SUPPLIED DATA:
==========

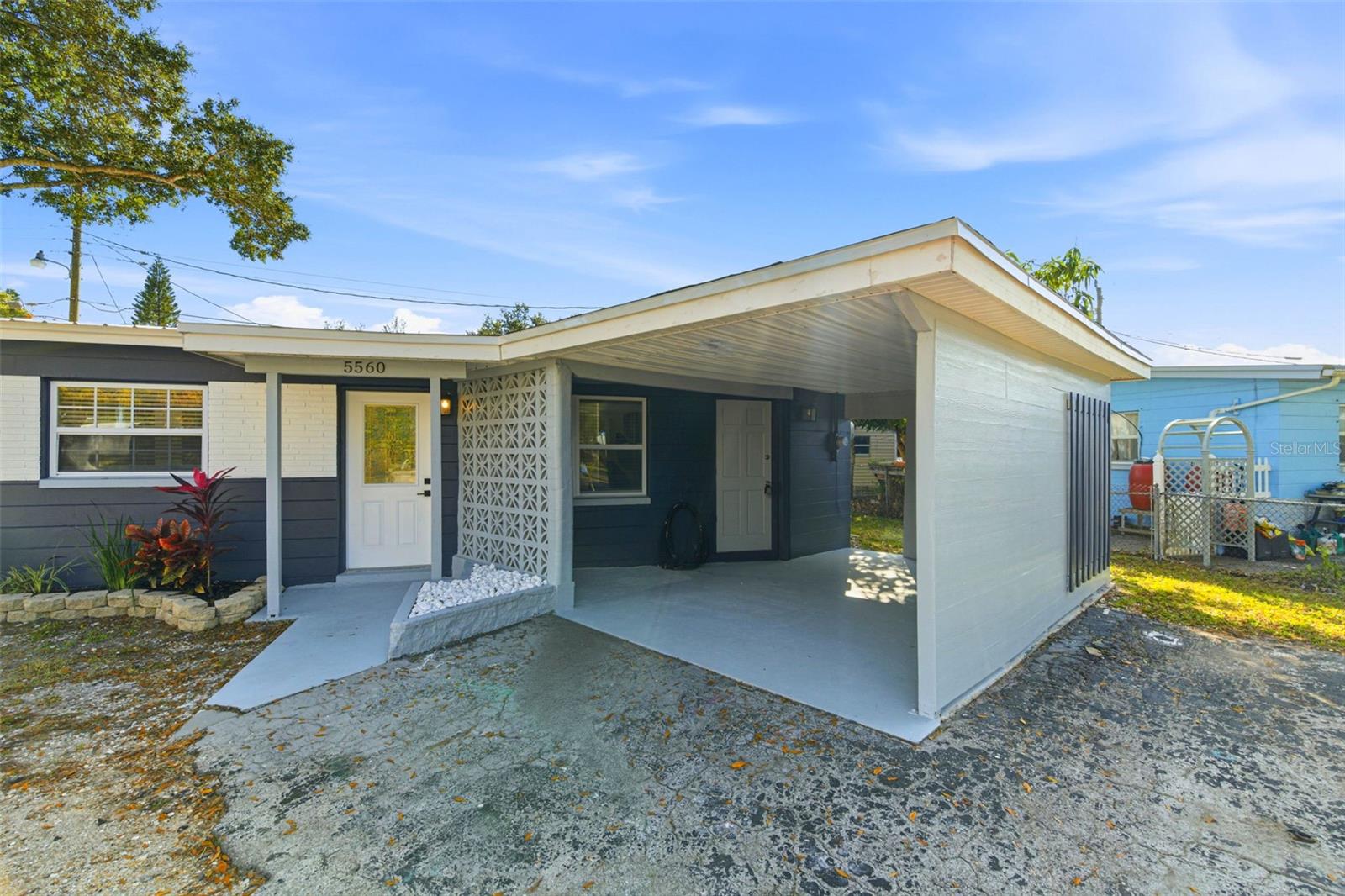 Image 4 of 62 For 5560 94th Avenue N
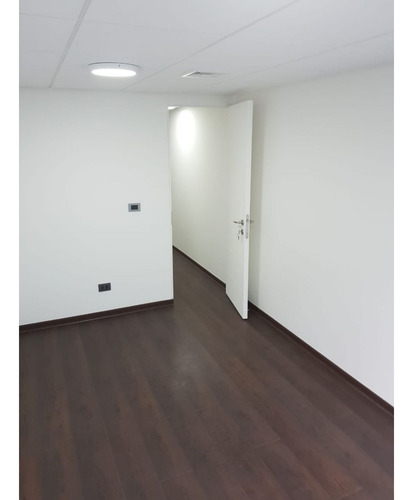 Sector Estoril, Oficina 22 Mts, 1 Privado + Estac. - Himalay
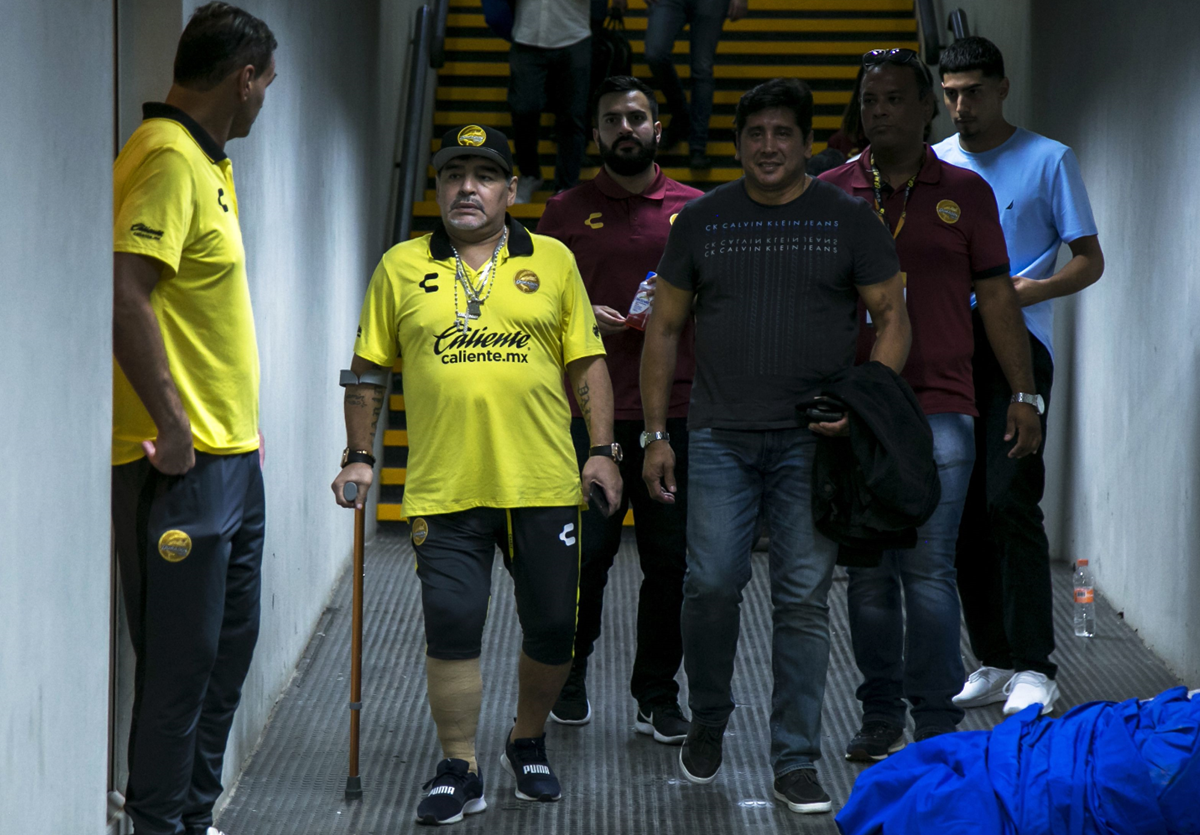 El astro Diego Maradona celebra en México su cumpleaños 58 junto a amigos y compañeros de futbol. (Foto Prensa Libre: AFP)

==========

INSTRUCTIONS FOR THE TASK:
Repeat every line of the data above exactly, but drop the pictures.

FINISHED TASK:
 Image 4 of 62 For 5560 94th Avenue N
 Sector Estoril, Oficina 22 Mts, 1 Privado + Estac. - Himalay
 El astro Diego Maradona celebra en México su cumpleaños 58 junto a amigos y compañeros de futbol. (Foto Prensa Libre: AFP)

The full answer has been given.